# WHAT THE EXERCISE ASKS
The answer must consist solely of the lines from the one with "Front slam panel" through the last line of the data, copied exactly, with no pictures.

RECORDS FOR THIS EXERCISE START

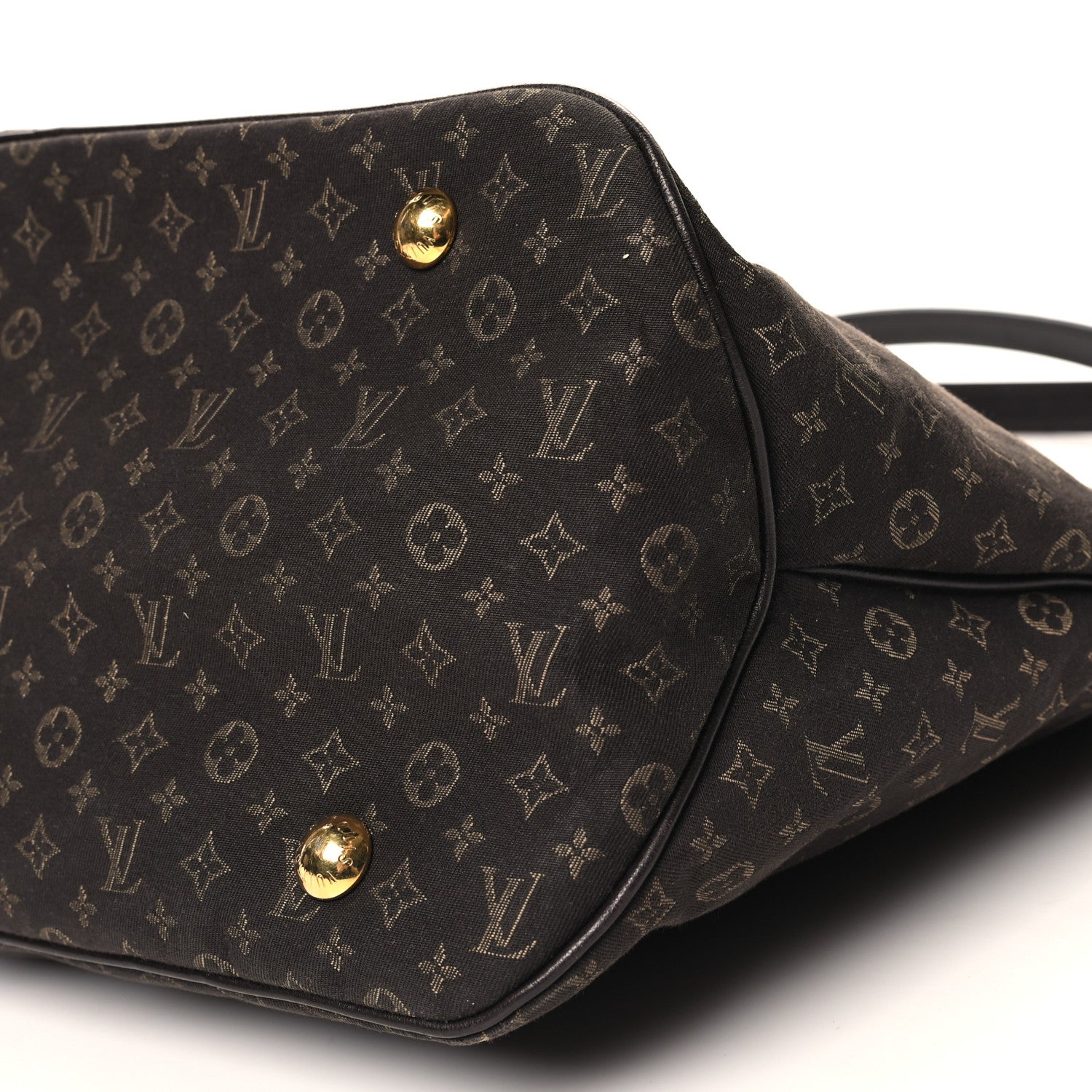 Louis Vuitton Monogram Idylle Ballade MM Fusain 9 of 9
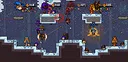 Grapplers: Relic Rivals Demo Screenshot 5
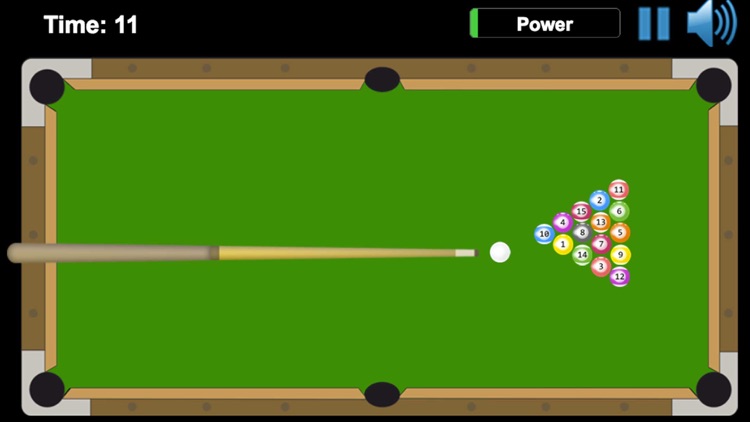 Speed Billiard - Balls Pool games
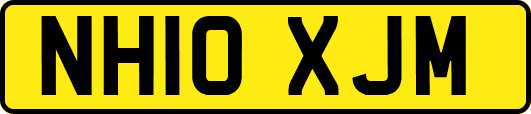 NH10XJM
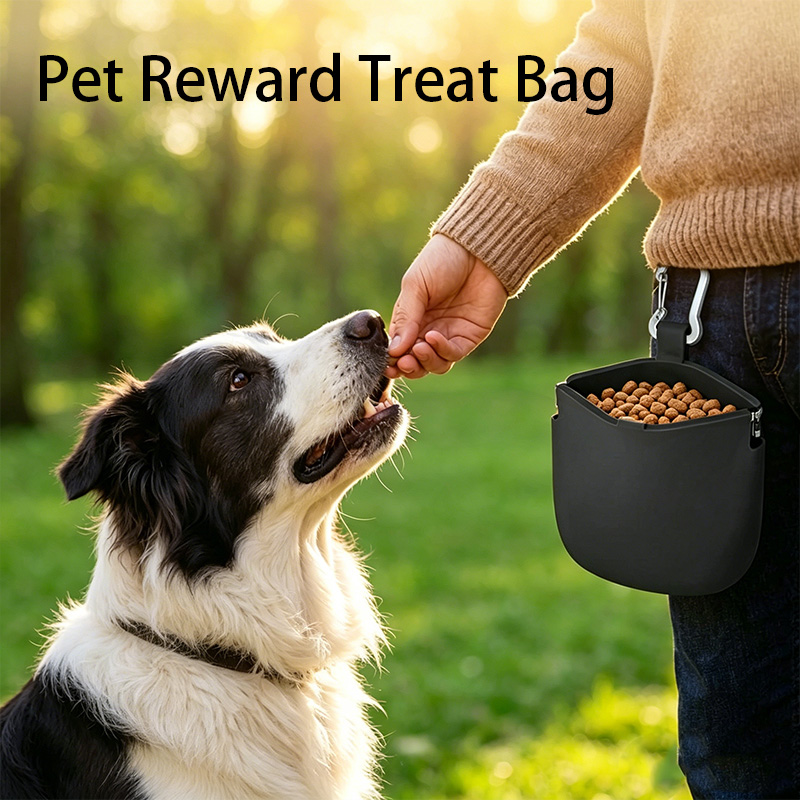 인기 애완동물 간식 가방, 강아지와 고양이 여행용 사료 - Travel Accessories Dog 리뷰 및 가격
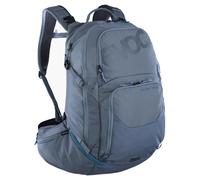 Evoc Explorer Pro 26 - Zaino da ciclismo 50 cm (steel)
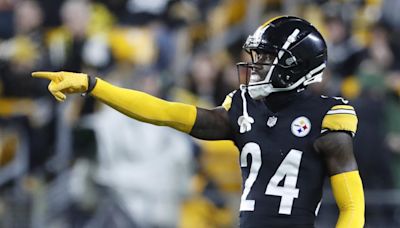 Steelers' Joey Porter Jr. Asserts He's the Best Cornerback in the NFL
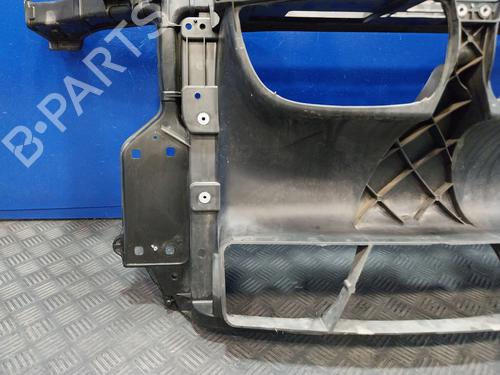 Front slam panel BMW 1 (E87)  | BP22908113C72 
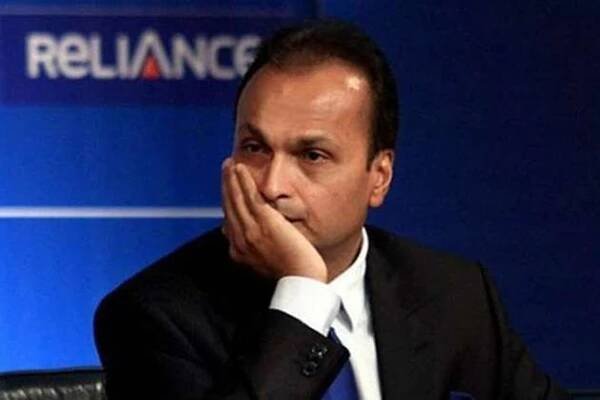 Anil Ambani threatened with class action suit at AGM - The News21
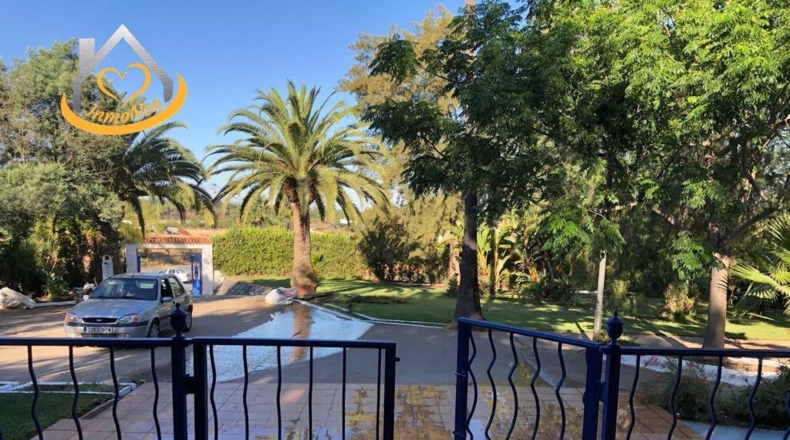 Huelva - Cartaya - 415m2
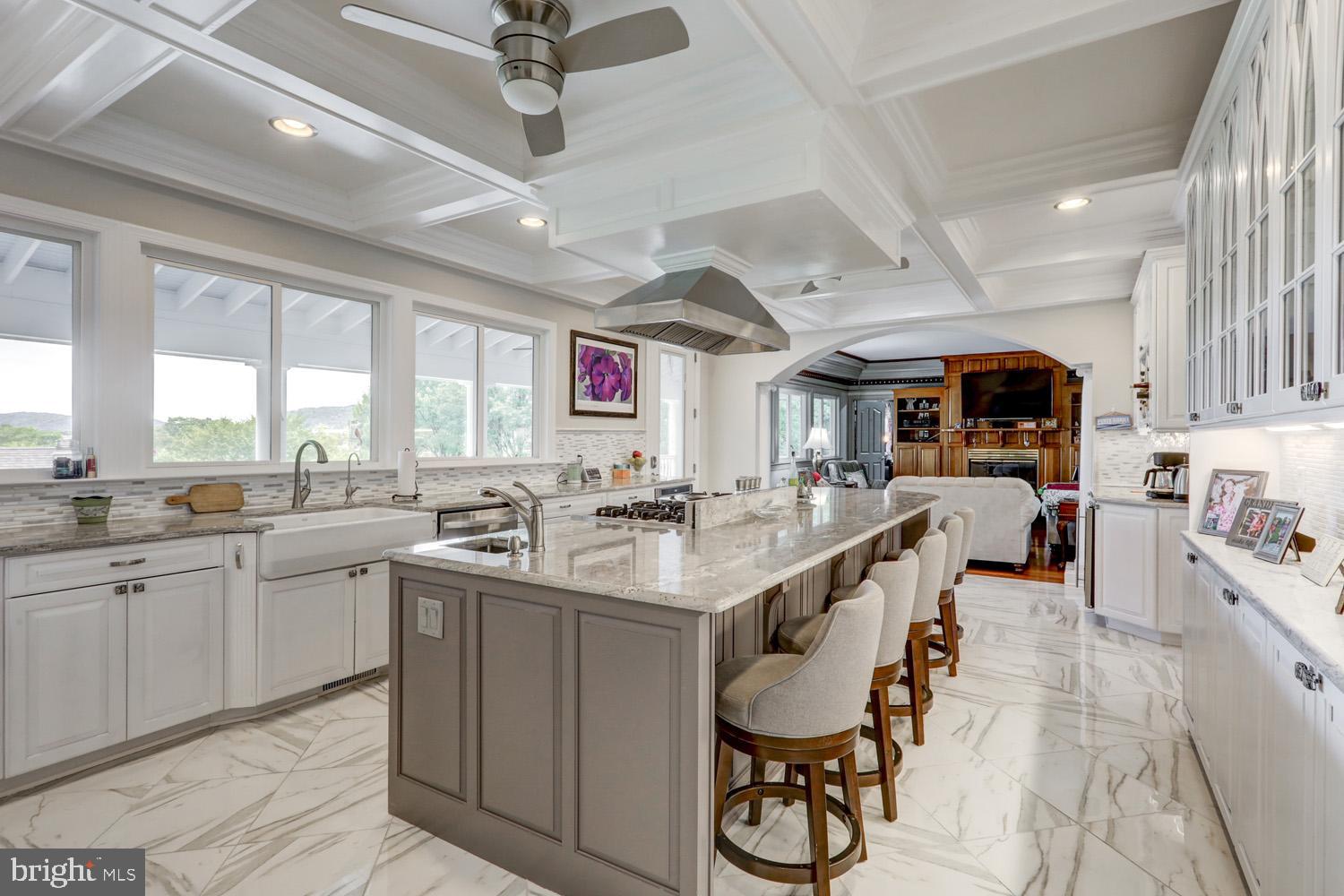 EAST DONEGAL - Residential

RECORDS FOR THIS EXERCISE END

# RESPONSE BELOW
 Front slam panel BMW 1 (E87)  | BP22908113C72 
 Anil Ambani threatened with class action suit at AGM - The News21
 Huelva - Cartaya - 415m2
 EAST DONEGAL - Residential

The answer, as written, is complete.